On April 1, the U.S. Department of the Treasury issued its first notice of proposed rulemaking under the GENIUS Act, proposing broad-based principles for determining when a state stablecoin regime is “substantially similar” to the federal framework. The Treasury’s proposal would apply to payment stablecoin issuers with consolidated outstanding issuance of $10 billion or less that seek to operate under state oversight rather than directly under a federal regime.
The proposal makes clear that the Treasury does not view state oversight as a lighter-touch alternative. Instead, the Treasury proposes a framework under which state regimes would need to meet federal regulatory standards in core prudential areas, while retaining some flexibility on licensing, supervision, and other state-designed features. The Treasury also tied the proposal closely to the OCC’s pending GENIUS Act rulemaking (previously discussed here) and requested comment on various implementation questions.
Key provisions of the proposal include:
- Definition of the federal regulatory framework. The Treasury proposed to define the “federal regulatory framework” to include the text of the GENIUS Act, OCC interpretations and regulations published in the Federal Register, and certain Treasury and Federal Reserve materials for specific AML, sanctions, lawful-order, and anti-tying requirements.
- Requirement that state regimes meet or exceed core standards. With respect to requirements for payment stablecoin issuers, the proposal includes that state regimes must implement uniform requirements consistently with the federal framework and implement state-calibrated requirements in a manner that leads to outcomes at least as stringent and protective as the federal regime.
- Allowance for procedural flexibility. The Treasury proposed to allow state regimes to deviate from the federal framework on non-substantive matters of form or procedure, while still requiring close alignment on substantive standards.
- Framework for state oversight. The proposal addresses state approaches to reserve assets, redemption, rehypothecation, certifications, capital, liquidity, risk management, transition to federal oversight, licensing, supervision, custody, and insolvency.
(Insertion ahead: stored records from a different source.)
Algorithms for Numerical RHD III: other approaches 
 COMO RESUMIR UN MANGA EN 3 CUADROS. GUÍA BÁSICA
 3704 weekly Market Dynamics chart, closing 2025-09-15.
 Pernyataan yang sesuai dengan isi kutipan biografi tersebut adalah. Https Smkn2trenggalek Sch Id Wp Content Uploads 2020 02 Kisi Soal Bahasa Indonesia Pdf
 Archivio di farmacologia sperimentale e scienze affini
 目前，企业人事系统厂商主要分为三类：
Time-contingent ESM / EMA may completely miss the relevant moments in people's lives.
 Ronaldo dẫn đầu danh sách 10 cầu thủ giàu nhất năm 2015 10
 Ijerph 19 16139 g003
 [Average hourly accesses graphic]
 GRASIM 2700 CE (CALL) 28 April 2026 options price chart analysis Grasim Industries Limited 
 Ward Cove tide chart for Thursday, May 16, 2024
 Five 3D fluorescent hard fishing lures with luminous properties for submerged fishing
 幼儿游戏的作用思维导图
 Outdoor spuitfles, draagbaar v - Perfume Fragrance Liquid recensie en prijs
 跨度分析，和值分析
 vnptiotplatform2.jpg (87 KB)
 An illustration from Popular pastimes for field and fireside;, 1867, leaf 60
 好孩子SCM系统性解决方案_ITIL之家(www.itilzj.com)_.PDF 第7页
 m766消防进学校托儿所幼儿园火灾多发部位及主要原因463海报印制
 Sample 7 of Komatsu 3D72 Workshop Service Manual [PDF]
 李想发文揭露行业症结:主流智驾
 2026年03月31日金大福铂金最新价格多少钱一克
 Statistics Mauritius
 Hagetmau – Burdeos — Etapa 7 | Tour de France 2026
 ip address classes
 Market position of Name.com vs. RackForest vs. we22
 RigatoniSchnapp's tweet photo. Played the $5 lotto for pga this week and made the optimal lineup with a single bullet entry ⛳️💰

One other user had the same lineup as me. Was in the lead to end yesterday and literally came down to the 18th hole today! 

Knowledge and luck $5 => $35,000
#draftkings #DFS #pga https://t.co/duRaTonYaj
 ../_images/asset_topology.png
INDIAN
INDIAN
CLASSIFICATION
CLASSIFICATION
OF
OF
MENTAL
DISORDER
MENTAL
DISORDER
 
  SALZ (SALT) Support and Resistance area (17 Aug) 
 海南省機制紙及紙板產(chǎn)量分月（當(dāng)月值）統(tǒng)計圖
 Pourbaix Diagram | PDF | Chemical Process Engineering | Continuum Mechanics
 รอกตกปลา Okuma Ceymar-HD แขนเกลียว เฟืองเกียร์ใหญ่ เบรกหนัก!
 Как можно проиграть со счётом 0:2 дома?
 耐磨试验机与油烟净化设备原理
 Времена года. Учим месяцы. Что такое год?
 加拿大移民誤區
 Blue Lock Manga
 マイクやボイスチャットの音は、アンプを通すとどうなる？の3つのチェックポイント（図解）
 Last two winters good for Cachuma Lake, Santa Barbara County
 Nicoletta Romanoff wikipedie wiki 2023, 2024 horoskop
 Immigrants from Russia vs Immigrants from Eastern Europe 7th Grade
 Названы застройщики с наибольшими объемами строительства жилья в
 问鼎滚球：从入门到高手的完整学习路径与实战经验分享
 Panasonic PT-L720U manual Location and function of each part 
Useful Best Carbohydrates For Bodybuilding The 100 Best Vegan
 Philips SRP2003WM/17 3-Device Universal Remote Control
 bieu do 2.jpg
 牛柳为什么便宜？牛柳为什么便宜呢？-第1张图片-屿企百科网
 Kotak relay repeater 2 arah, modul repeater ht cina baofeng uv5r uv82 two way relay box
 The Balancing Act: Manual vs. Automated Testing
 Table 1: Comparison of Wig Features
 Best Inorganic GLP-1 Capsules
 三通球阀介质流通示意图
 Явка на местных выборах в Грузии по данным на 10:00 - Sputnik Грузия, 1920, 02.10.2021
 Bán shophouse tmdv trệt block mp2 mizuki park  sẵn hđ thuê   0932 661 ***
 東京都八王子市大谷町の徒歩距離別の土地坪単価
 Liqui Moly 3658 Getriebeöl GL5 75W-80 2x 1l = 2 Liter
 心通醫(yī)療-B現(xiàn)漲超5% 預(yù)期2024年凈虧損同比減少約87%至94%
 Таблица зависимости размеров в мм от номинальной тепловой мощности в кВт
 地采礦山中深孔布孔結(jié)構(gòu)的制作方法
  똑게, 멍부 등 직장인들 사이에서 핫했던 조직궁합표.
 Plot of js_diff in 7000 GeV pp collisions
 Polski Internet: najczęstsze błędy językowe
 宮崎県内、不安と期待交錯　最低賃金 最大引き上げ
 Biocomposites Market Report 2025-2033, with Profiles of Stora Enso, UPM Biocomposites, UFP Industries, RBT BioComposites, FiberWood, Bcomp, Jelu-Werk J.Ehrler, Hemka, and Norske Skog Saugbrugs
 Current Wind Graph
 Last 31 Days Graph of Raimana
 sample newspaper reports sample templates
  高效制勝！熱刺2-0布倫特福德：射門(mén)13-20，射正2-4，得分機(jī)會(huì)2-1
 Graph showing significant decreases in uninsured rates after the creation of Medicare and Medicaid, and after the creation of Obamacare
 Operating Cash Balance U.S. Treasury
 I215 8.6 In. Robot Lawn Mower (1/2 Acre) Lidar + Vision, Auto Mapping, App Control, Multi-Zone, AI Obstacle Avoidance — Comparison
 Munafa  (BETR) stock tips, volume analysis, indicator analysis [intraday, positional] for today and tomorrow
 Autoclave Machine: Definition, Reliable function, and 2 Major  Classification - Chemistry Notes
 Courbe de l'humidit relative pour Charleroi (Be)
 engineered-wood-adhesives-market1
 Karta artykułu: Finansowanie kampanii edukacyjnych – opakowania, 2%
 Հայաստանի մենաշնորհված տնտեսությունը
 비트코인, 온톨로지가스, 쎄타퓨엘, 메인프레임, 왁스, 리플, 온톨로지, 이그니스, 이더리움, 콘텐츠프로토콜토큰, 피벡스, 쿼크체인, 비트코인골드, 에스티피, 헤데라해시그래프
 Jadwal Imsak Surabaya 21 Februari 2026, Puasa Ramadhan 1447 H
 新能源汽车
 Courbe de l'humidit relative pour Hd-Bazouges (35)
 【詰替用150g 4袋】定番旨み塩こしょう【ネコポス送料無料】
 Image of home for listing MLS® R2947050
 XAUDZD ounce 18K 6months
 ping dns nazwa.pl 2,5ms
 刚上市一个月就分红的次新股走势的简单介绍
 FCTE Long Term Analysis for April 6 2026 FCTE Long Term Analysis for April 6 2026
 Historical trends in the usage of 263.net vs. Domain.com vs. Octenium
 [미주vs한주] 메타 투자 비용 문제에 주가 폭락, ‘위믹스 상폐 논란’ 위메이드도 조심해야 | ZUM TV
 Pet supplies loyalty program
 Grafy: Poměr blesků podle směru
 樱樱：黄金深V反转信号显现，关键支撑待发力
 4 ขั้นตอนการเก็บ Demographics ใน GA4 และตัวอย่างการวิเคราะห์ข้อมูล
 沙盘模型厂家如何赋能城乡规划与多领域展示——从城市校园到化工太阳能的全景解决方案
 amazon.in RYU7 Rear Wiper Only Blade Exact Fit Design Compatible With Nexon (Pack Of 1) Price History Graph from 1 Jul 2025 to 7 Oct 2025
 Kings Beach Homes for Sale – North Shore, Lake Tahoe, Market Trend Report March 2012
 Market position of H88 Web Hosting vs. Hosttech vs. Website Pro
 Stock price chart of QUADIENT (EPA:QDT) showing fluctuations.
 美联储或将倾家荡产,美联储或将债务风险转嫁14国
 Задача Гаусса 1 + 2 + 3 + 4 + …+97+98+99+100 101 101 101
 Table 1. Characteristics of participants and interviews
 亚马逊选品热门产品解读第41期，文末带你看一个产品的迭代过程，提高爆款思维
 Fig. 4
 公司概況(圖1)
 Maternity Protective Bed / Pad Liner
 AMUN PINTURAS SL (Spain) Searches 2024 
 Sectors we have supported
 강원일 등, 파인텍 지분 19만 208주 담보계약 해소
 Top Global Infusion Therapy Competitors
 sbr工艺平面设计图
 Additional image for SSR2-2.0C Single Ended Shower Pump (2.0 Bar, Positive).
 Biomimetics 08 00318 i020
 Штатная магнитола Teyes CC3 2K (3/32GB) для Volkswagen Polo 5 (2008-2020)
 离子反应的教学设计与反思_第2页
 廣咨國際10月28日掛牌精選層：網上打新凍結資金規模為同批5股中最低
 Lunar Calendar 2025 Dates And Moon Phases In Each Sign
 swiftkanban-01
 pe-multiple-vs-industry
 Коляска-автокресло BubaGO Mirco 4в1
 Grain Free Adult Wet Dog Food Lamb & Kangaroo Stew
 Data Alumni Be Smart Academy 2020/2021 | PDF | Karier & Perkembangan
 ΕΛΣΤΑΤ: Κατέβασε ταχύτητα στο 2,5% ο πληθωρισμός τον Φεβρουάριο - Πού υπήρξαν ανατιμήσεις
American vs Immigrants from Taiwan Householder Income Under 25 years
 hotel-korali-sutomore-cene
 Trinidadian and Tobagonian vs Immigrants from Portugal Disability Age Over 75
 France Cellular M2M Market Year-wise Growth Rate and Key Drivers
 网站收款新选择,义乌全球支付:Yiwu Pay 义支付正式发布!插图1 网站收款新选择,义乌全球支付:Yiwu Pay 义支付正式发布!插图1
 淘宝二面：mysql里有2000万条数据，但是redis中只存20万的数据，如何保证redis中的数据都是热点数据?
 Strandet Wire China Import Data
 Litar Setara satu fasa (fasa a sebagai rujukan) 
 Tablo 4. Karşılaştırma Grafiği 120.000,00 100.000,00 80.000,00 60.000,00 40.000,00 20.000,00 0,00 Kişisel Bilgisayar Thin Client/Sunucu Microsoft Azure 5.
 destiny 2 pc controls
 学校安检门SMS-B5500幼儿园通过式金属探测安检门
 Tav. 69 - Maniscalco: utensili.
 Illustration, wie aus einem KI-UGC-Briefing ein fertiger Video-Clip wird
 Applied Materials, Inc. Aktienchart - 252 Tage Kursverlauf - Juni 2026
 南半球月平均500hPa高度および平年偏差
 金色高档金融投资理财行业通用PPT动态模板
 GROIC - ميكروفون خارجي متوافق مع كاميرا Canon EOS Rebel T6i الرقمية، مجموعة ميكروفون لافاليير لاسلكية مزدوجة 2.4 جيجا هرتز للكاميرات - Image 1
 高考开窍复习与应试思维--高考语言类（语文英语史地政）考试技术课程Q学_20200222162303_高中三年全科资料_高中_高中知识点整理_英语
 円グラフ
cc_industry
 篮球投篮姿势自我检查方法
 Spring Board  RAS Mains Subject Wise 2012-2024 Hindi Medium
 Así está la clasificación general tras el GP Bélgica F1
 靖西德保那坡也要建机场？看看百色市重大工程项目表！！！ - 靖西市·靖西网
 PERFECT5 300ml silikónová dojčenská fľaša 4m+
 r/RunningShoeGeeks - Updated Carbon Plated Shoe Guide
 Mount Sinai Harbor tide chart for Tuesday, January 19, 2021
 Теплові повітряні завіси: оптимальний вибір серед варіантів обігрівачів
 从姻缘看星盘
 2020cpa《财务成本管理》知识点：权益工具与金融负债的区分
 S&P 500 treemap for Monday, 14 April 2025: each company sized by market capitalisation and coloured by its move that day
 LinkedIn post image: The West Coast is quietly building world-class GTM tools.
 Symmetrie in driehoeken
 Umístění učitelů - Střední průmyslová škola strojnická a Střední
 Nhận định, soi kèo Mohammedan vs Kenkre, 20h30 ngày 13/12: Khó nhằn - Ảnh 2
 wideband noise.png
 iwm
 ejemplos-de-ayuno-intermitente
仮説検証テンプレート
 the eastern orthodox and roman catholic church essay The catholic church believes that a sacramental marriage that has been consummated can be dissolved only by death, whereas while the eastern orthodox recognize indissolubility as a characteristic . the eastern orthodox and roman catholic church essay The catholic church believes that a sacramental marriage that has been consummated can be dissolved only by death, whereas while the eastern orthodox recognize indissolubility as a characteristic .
Putting It Into Practice: This proposal reflects several of the points Governor Barr raised about the GENIUS Act, particularly the need for more detailed standards around supervision, capital, liquidity, and alignment between state and federal regimes (previously discussed here). The Treasury’s proposed rulemaking begins to show how those issues may be resolved by requiring closer alignment in core prudential areas while still allowing some flexibility in how states structure their regimes. Firms planning to pursue state-level authorization to issue payment stablecoins should note where the Treasury expects uniformity with federal standards and where it appears willing to permit some state-level flexibility.